Au deuxième étage, les « têtes pensantes », au rez de chaussée les gens de terrain. Leur rencontre une fois par semaine permet de définir les programmes et les actions à mettre en place. Il y a échange, collaboration, mais pas  partage et convivialité.

De ce fait une incompréhension s’installe. Par exemple j’ai entendu : « Pourquoi des fauteuils et rien pour les enfants ?». On ressent un manque de reconnaissance pour le personnel de terrain. L’absence d’intérêt, de présence des managers auprès des enfants posent problème aux éducateurs.

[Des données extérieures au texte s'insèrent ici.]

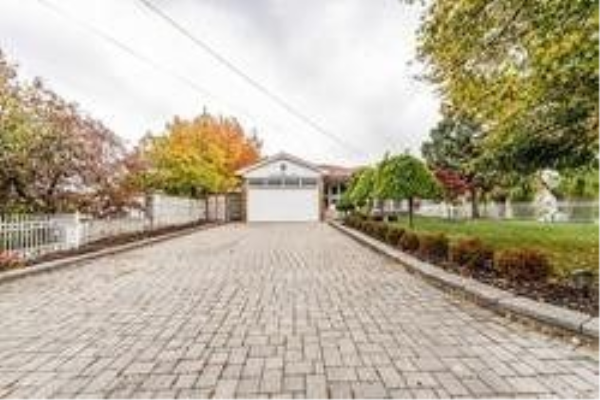 7 Old Burnhamthorpe Rd, Toronto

Un changement est attendu. « Hervé était toujours avec nous ». La direction n’a pas l’obligation d’être sur le terrain mais un coordonnateur dans ce cas est indispensable. Les éducateurs ne se sont pas reconstruits depuis le départ d’Hervé. Ils attendent un regard positif et un soutien.

Dans la situation actuelle, le souci est de les nourrir et d’aider à la reconstruction des foyers des enfants parrainés, mais bien vite j’espère, APC retrouvera sa mission et les réponses apportées seront importantes. Aujourd’hui déjà la présence d’un Leader manager et d’un coordonnateur semble nécessaire.

J’espère ne pas froisser quiconque. Le bilan est très positif. J’admire le chemin parcouru. Mon regard doit pouvoir s’ajouter au regard apporté par toutes les personnes qui vont à APC Népal.